Q My company has to recruit 100-plus temporary call centre and data entry staff twice a year to cover busy, seasonal periods of between two and six weeks. We ask all applicants to provide the name, address and occupation of two referees that we can write to. We send out standard reference questions to these referees.
My main worries about our current system are: we don’t specify how far back references should go or whether it should be the last two employers we often have to chase outstanding references for staff who have already started working here and some references come back with limited information, such as dates of employment only.
How rigorous should we be with our checks, considering the positions are short term?
Does anyone have any tips on how to improve the process?
A Considering the average turnaround time for references is more than two weeks, the process you use doesn’t work for short-term bookings. Here are my suggestions:
Ask new starters to bring references with them.
Specify that you want references from the last two employers.
Make a reference a condition of employment. If, for example, you suggest that those without references can only work a specified number of hours a week until you have cleared references, I am sure staff would chase their former employers.

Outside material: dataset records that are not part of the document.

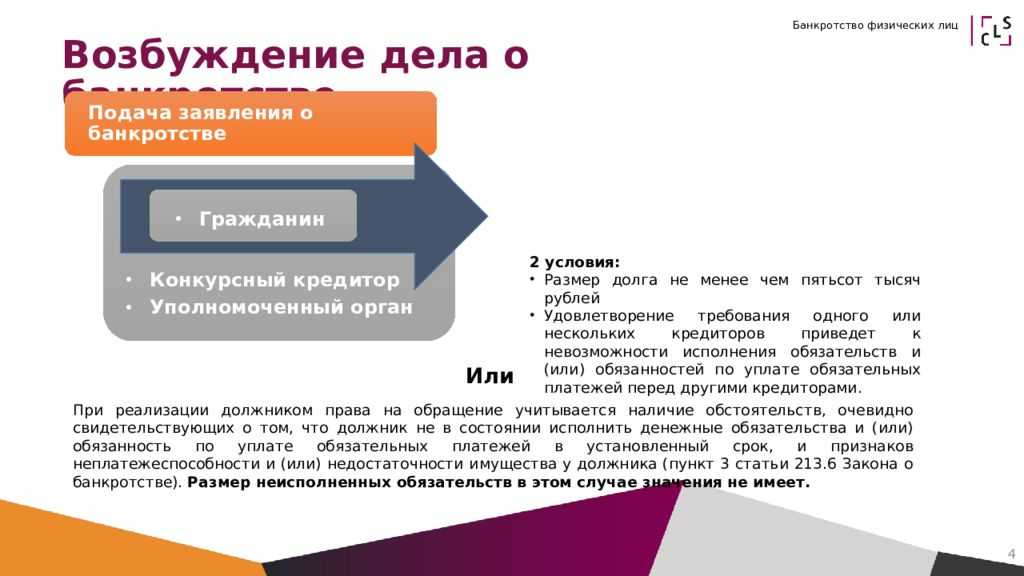 Процедура банкротства юридических лиц в 2024 году: особенности и подробности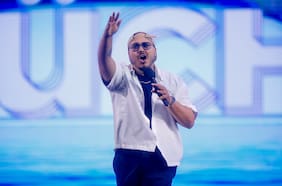 Esteban Düch sepulta el fantasma de George Harris y triunfa en Viña 2026 con rutina sobre la migración venezolana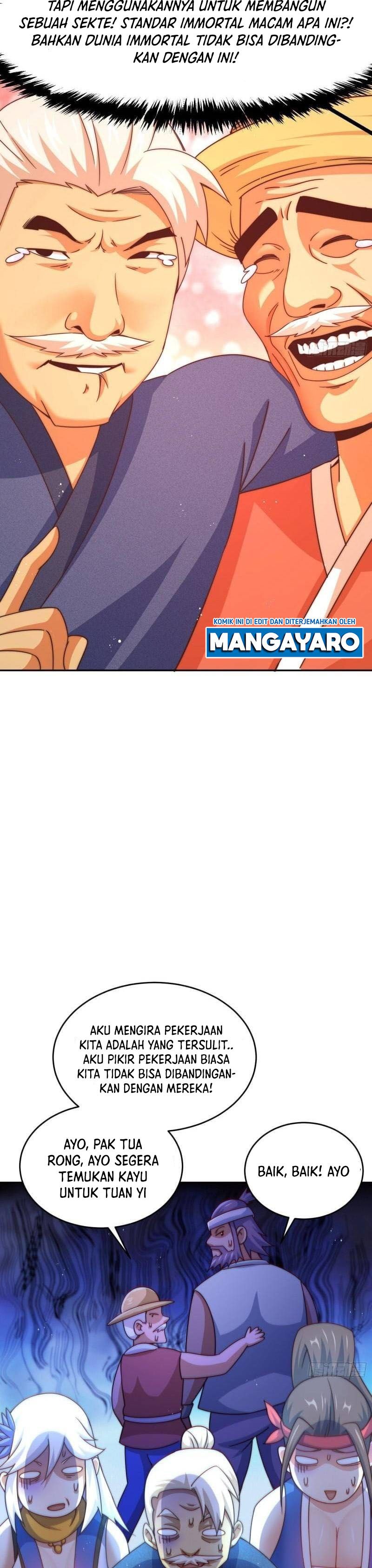 Beyond Myriad Peoples Chapter 129 Gambar 18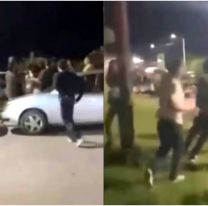 Habló el norteño atacado por una patota de rugbiers: "No me puedo mover"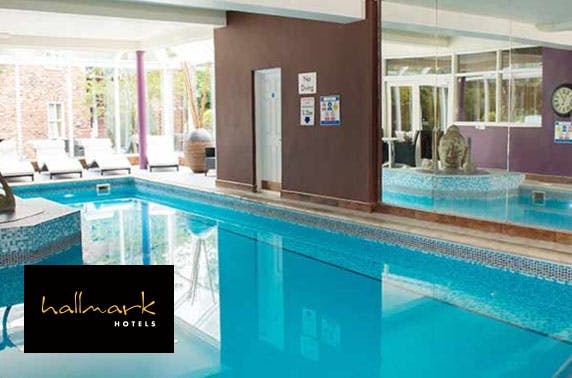 Hallmark Hotel Llyndir Hall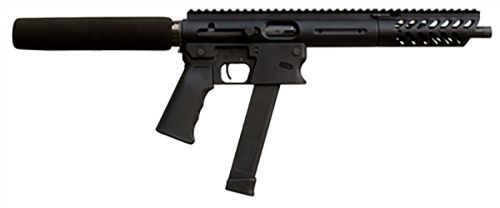 TNW Aero Survival Tactical Pistol 10mm, Black, 10.25 Barrel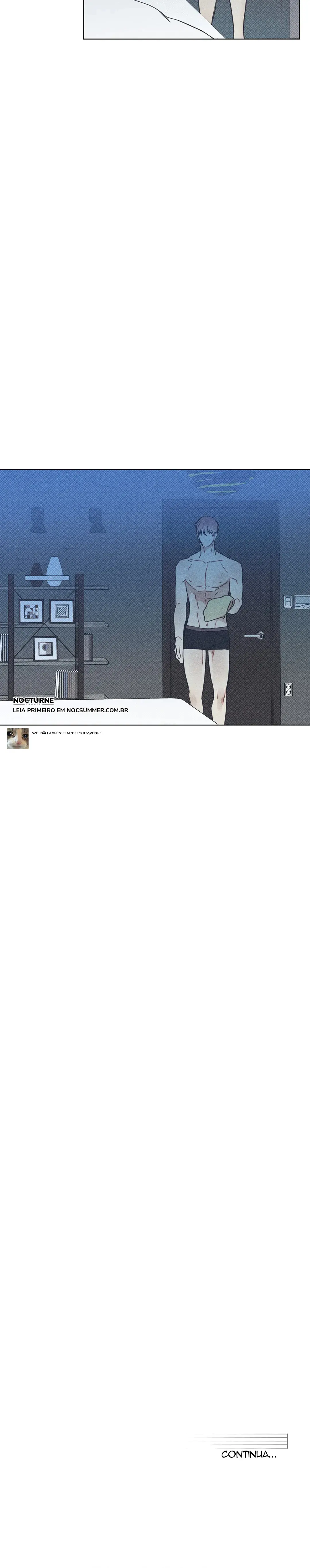 Mar Noturno – Capítulo 31 Yaoi – Página 10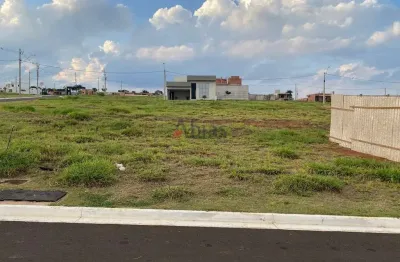 Terreno no condominio reserva aquarela, parque faber castell ii - são carlos, sp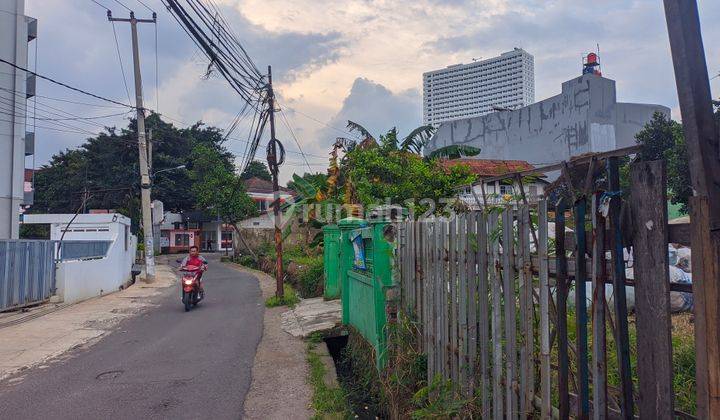 Tanah Dijual Caringin Jatinangor Luasan 394m2 SHM Dekat Unpad 2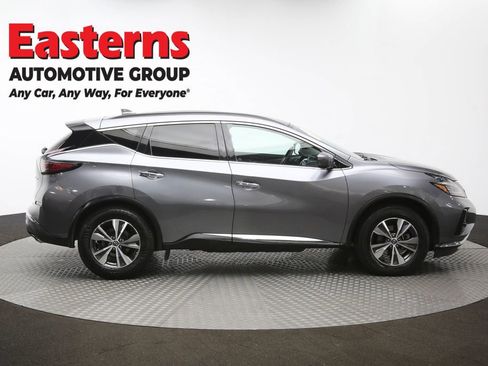 Used 2023 Nissan Murano SV image 44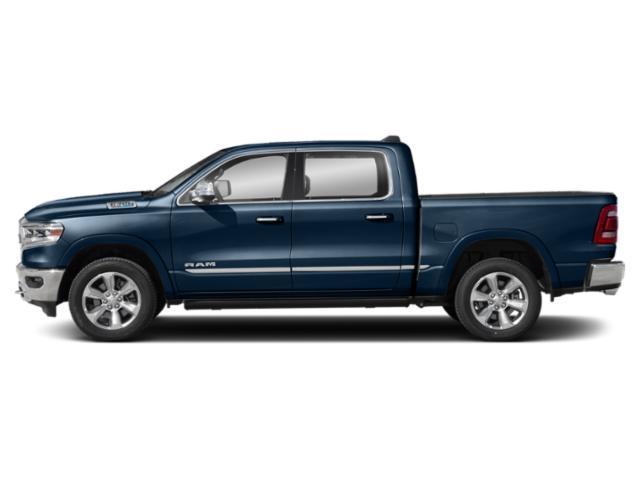 used 2022 Ram 1500 car, priced at $45,500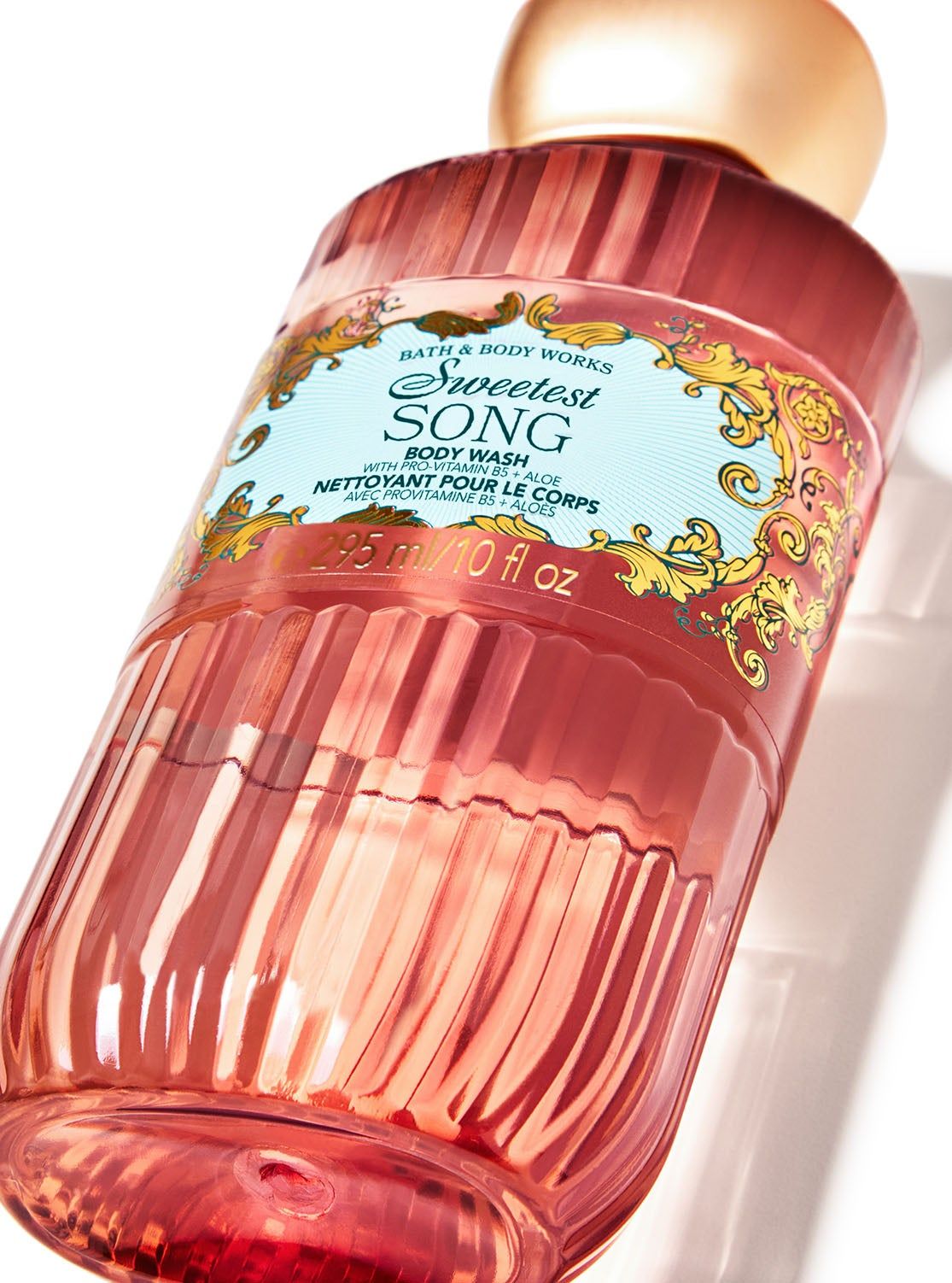 Żel pod prysznic SWEETEST SONG - Bath & Body Works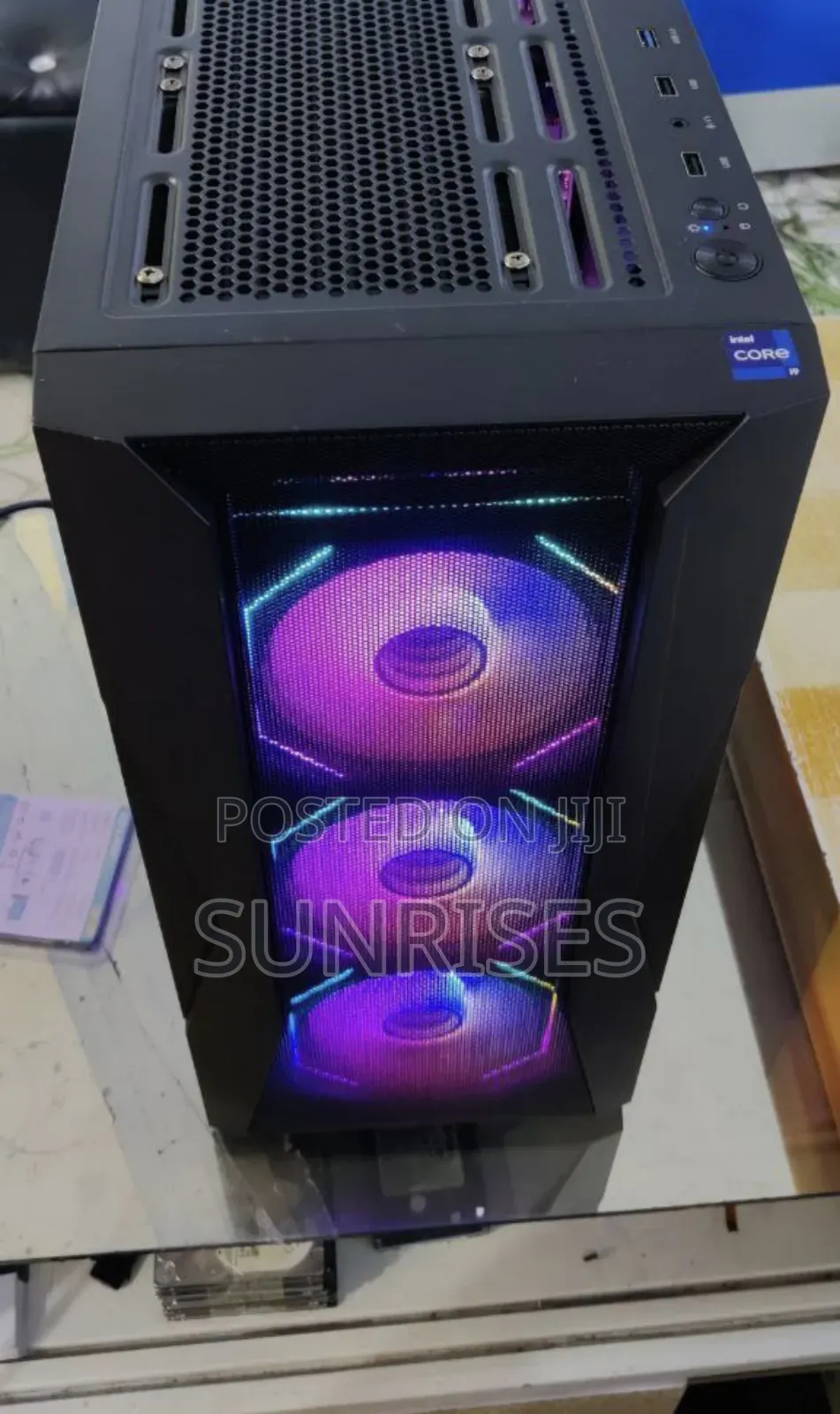 New Desktop Computer Asus 32GB Intel Core I9 SSD 2T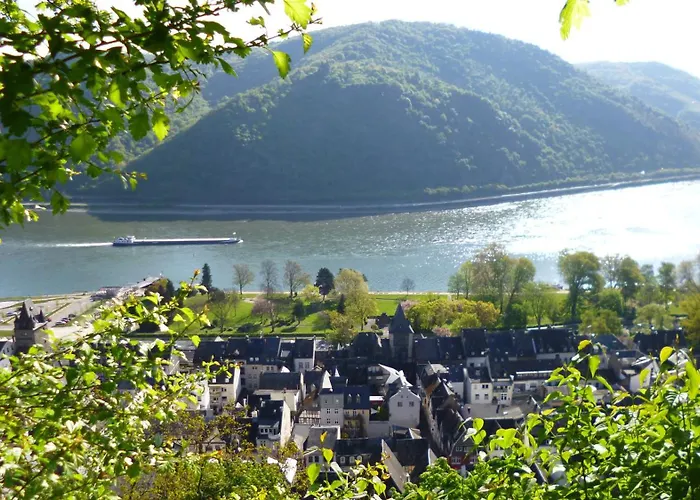 Gaestehaus Rheinromantik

Ask for referees’ e-mail address as well as telephone numbers, and ask starters to warn their referees that they will be contacted for a reference.
Adapt your standard reference letter to include tick boxes so it is easier to complete. If it looks time-consuming it will be put straight to the bottom of the pile.
How rigorous your checks are depends on the level of responsibility and the skills required for the role. You could enclose the job description and ask the referee to comment on the employee’s ability to perform at that level.
However, the implications of a negative reference – and the threat of a discrimination claim – means that some employers keep detail to a minimum. There isn’t much you can do to overcome this. In some cases it may be permissible to telephone the referee, who may be able to give you some further information. But this could form part of a case if someone decided to go to tribunal claiming discrimination.
A I always request initial references via e‑mail. It’s much faster than post and makes it quick and easy to follow up. Plus, an e-mail is so easy to write and get ‘off their desk’. I ask around six or seven questions, which are direct and specific, and won’t take long to respond to. I include a request for any further comment at the end. I find I tend to get additional comments from almost all referees because it’s been quick and fairly painless to that point, I’ve asked all the major questions, and the referee seems to have warmed up a bit.